• **AIM OF THE TASK**
Which lines run from the one containing "Beetle woodworm vector" to the end of the listing? Copy them out exactly, leaving out the rest.

• **SUPPLIED MATERIAL**
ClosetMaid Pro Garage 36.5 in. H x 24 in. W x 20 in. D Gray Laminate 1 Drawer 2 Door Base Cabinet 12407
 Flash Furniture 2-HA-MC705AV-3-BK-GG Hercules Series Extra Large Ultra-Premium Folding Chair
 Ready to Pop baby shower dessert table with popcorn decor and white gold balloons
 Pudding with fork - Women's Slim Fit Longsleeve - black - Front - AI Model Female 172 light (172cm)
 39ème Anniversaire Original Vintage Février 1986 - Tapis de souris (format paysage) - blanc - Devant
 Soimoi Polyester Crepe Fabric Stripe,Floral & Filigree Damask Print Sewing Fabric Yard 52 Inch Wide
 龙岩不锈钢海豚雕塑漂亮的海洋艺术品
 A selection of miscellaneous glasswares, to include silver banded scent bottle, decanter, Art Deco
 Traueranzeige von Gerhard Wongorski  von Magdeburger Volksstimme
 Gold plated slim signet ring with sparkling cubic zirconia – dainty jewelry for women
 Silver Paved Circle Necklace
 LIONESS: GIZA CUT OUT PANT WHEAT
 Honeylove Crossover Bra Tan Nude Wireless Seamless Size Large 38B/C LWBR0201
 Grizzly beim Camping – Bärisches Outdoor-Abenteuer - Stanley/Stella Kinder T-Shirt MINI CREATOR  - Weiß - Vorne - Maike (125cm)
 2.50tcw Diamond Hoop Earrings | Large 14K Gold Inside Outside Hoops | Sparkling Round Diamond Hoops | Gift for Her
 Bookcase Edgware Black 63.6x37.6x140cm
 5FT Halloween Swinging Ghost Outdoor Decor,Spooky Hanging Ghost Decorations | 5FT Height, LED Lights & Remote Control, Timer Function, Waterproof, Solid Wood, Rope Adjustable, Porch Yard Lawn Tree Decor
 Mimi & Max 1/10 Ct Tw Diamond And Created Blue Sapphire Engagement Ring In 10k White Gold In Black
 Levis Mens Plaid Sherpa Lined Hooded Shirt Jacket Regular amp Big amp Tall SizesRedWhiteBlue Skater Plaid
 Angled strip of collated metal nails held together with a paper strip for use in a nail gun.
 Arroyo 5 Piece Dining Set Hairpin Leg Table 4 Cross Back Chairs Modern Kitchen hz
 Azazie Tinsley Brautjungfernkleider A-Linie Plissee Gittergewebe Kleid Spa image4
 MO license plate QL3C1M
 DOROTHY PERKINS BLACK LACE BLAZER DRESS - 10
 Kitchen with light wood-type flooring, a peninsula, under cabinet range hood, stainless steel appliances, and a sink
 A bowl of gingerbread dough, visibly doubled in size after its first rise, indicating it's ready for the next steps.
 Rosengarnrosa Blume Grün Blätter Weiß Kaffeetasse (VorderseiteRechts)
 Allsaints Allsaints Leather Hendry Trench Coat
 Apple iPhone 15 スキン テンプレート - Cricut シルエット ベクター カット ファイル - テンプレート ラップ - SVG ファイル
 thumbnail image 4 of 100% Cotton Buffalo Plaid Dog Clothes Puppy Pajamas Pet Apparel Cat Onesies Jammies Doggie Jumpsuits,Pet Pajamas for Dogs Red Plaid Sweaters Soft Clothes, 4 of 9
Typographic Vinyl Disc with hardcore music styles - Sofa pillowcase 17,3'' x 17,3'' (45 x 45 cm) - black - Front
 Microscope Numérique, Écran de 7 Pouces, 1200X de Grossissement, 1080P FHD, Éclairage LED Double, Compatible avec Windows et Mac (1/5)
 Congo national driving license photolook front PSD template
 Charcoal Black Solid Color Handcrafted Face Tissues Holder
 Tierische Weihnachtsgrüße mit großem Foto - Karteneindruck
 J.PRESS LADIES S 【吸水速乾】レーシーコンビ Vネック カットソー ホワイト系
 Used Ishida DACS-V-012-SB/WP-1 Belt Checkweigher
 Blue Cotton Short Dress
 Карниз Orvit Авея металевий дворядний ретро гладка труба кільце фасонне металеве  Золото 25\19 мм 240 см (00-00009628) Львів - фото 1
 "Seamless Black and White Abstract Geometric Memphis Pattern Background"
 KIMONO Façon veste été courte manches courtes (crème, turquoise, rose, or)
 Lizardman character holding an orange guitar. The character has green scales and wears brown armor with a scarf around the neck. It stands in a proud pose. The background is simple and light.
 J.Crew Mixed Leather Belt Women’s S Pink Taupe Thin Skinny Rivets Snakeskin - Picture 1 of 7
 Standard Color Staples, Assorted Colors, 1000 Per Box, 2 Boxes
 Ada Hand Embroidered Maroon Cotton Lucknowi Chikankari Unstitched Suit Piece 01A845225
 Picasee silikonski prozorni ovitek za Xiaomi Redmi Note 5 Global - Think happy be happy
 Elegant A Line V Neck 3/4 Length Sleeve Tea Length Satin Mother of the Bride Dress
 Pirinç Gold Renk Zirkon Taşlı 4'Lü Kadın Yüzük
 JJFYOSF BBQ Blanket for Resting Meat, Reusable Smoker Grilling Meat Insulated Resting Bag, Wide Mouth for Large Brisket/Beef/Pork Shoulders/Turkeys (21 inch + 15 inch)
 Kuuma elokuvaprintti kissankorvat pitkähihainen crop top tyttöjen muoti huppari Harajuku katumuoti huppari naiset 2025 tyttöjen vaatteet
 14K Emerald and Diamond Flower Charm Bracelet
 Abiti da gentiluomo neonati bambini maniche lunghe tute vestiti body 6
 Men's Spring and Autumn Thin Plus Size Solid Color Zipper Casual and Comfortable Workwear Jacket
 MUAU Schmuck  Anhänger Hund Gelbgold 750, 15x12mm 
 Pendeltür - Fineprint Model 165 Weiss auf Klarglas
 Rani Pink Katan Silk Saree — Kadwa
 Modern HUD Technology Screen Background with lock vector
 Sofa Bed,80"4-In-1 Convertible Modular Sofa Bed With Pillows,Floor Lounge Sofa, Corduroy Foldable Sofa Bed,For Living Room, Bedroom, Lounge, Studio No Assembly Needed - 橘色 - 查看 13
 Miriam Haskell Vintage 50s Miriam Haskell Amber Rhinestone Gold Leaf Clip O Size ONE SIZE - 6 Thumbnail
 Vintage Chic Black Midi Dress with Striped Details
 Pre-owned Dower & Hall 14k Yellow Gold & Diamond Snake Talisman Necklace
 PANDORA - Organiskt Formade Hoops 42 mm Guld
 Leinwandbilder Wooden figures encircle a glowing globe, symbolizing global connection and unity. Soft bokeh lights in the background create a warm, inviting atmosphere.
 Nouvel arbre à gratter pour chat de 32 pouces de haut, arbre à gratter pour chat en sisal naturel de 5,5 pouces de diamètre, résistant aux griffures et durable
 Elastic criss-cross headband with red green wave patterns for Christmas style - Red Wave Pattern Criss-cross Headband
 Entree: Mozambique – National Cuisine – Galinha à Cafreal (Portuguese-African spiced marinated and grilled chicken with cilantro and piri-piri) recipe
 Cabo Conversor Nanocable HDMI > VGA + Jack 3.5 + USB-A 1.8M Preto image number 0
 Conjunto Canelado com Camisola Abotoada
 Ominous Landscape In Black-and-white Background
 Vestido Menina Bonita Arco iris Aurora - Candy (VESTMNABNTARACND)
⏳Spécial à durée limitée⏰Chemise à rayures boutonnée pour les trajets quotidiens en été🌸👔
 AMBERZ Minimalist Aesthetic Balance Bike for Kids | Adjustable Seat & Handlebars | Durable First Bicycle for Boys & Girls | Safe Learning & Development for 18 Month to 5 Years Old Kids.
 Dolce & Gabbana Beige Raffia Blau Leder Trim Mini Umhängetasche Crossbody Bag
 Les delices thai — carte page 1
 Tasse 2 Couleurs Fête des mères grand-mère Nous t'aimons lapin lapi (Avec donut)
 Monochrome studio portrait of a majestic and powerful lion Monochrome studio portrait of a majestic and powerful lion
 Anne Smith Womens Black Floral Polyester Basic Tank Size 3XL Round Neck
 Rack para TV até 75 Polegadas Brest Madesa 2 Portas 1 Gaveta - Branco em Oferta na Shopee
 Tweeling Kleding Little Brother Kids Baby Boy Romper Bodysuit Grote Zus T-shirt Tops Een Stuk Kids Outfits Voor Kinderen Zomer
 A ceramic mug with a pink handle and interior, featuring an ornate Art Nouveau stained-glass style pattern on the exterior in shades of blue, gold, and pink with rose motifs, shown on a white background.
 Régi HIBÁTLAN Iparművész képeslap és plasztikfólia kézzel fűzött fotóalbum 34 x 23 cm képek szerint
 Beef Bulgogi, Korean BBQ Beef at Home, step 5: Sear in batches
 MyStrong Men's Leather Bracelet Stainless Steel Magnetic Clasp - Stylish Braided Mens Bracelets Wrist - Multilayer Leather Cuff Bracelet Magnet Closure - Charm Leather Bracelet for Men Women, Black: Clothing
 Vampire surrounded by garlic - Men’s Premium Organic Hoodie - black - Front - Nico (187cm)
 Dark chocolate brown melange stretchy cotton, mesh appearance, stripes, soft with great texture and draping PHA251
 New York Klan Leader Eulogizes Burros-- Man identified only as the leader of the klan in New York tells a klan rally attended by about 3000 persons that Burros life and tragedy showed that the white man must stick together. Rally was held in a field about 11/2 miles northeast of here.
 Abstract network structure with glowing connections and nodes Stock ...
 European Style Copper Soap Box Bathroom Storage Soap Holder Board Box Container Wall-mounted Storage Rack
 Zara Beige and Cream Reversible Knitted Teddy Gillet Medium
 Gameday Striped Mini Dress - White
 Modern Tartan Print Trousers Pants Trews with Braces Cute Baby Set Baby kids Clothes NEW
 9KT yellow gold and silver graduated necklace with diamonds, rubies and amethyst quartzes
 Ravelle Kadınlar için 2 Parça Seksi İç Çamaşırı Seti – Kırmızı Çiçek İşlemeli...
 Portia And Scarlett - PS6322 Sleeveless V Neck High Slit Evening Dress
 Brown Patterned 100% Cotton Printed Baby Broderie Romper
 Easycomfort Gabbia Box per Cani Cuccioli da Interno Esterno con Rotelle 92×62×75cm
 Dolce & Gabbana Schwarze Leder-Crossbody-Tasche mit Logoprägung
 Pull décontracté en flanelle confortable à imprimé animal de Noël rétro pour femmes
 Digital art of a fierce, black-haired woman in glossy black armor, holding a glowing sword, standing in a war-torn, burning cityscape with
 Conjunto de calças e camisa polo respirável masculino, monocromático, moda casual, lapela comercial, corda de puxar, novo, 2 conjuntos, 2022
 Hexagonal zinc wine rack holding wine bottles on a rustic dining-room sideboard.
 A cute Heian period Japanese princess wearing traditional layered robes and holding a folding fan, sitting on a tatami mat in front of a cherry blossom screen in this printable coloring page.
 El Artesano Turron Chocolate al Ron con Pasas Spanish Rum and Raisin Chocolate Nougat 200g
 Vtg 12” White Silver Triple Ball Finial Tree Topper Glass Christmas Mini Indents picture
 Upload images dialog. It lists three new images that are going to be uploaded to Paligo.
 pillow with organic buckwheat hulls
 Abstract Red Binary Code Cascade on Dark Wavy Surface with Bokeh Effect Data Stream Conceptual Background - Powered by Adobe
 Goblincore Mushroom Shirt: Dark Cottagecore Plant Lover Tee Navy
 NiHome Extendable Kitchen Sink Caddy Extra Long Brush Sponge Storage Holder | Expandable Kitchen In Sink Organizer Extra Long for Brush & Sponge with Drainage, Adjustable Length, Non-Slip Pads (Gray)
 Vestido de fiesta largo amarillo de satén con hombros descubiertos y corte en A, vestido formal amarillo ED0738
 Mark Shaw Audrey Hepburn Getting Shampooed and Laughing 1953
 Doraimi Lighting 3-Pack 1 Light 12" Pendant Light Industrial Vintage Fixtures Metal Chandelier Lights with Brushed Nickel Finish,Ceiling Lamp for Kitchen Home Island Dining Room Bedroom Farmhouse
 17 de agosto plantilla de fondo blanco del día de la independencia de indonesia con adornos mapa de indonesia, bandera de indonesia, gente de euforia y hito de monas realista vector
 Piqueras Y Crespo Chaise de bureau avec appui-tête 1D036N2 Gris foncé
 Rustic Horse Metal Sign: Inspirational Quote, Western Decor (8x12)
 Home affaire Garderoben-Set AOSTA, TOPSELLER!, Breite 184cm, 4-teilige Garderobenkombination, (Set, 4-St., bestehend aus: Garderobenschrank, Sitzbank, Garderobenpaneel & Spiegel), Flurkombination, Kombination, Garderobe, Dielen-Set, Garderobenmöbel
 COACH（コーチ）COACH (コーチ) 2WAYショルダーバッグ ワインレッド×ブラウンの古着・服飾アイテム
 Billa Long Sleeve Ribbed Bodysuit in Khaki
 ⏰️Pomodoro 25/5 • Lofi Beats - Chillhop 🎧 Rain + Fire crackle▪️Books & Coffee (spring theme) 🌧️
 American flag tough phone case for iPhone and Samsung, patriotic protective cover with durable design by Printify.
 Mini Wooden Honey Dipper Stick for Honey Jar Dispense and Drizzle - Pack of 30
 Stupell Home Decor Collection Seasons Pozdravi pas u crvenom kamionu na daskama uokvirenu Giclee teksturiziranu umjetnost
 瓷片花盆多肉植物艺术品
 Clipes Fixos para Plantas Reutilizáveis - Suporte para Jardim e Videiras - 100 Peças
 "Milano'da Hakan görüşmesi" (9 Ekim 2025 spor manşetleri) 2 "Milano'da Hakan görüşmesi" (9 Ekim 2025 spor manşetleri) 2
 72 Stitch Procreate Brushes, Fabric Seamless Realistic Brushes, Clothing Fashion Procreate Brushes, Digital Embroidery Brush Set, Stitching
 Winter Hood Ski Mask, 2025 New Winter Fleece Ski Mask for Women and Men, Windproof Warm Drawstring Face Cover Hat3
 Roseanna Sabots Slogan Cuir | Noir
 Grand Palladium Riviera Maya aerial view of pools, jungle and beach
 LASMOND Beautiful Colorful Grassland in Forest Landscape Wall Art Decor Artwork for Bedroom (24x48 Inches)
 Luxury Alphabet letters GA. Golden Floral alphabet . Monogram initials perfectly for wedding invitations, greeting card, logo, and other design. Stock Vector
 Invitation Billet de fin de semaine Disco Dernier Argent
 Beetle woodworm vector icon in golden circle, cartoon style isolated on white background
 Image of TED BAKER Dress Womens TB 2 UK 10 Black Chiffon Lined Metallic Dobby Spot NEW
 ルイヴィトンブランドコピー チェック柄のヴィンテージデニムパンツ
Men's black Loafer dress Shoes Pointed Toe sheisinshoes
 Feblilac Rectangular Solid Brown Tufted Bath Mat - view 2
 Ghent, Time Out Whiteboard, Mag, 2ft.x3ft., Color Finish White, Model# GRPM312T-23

• **FINAL ANSWER**
 Beetle woodworm vector icon in golden circle, cartoon style isolated on white background
 Image of TED BAKER Dress Womens TB 2 UK 10 Black Chiffon Lined Metallic Dobby Spot NEW
 ルイヴィトンブランドコピー チェック柄のヴィンテージデニムパンツ
Men's black Loafer dress Shoes Pointed Toe sheisinshoes
 Feblilac Rectangular Solid Brown Tufted Bath Mat - view 2
 Ghent, Time Out Whiteboard, Mag, 2ft.x3ft., Color Finish White, Model# GRPM312T-23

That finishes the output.